Red Flags in a Physician Assistant Medical Contract
What are some red flags in physician assistant contracts? Sometimes the red flags are the words on the page, but other times red flags are missing. I’m going to kind of go over the most common red flags that I see. The first one would probably be unreasonable non-compete clauses. Depending on your state, most states’ non-compete clauses for healthcare providers are enforceable, but you do want to check your state law. If they are enforceable, you want to check is it reasonable? What I mean by that is, normally, a non-compete clause will be anywhere from one to two years. I always try to advocate for at least one year only, not over a year.
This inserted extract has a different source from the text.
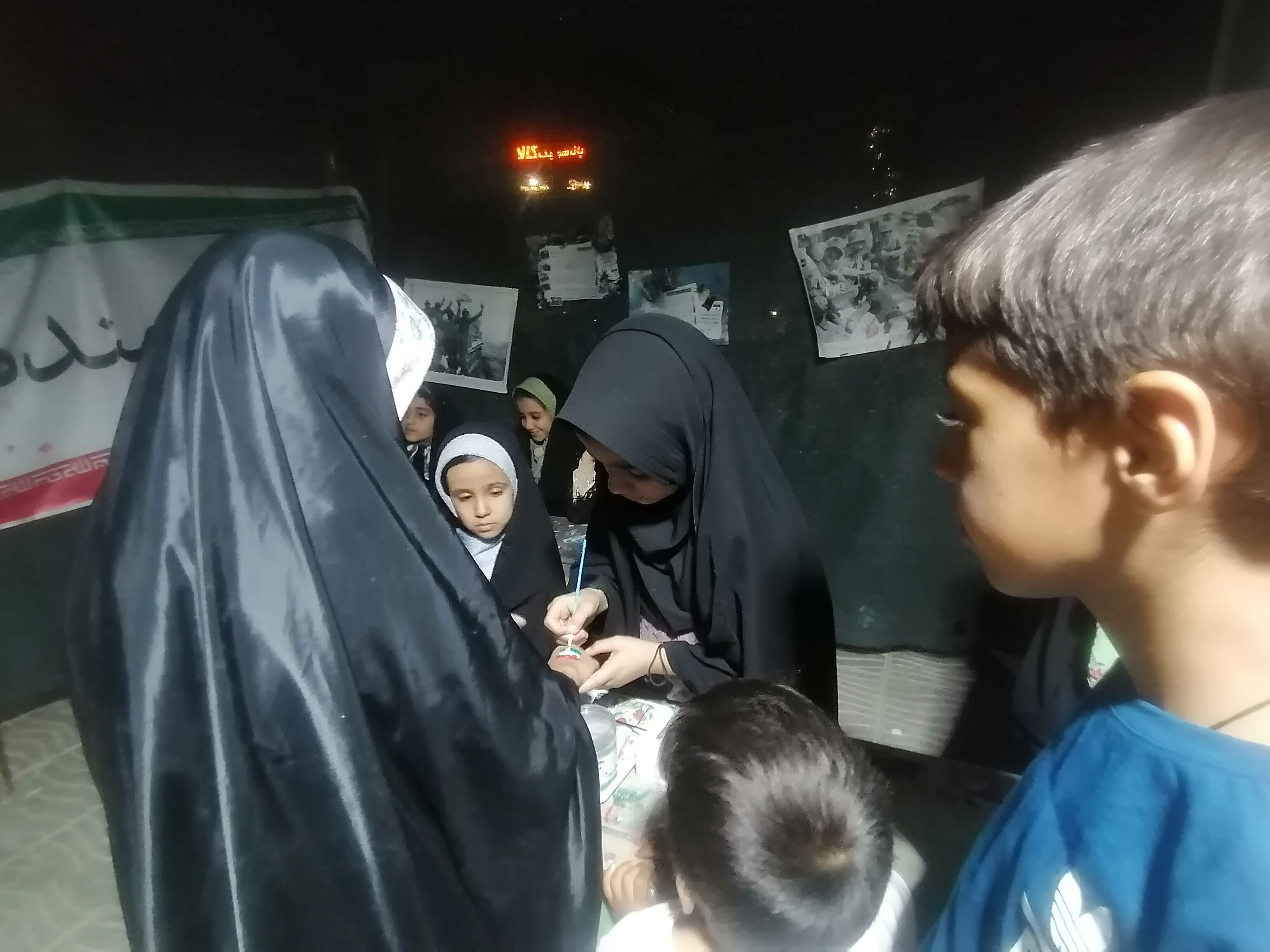 حضور دانش آموزان در موکب سازمان دانش آموزی در یکصد و ششمین شب تجمعات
One year, it should be, or less. It could be six months, that would be great. And then you want to look at the restricted area. Typically, it goes by miles and it kind of depends. You must take into consideration where you’re located and what your makeup looks like. Like, are you in a rural area? Are you in a city? And then you want to see, okay, is this mileage unreasonable? Really anything over 30 miles is going to be, in my opinion, unreasonable. And I would try to negotiate that down. So, we’ve talked about how long they’re for, and then how much is included in that restricted area from competing with your employer. The other thing you want to look for is how many locations does that restricted radius apply to? This is a little tricky and a lot of times employers try to slip this in there.
They may say or have language in there that states any location of the practice with the company, or they’ll say any location you provide services at. That means if you fill in for a provider that’s on vacation, you’re a non-compete clause now attached to that location. Let’s just say you have 10 miles from your primary location, but now you could have 10 miles attached to multiple other locations. This is dangerous especially if let’s say the company expands while you work for them. And it could knock out a huge chunk of the state. You may have to move if you decide to end your employment. So, overly restrictive non-compete is a red flag. The other thing you want to look for in a non-compete itself is what services are you restricted from?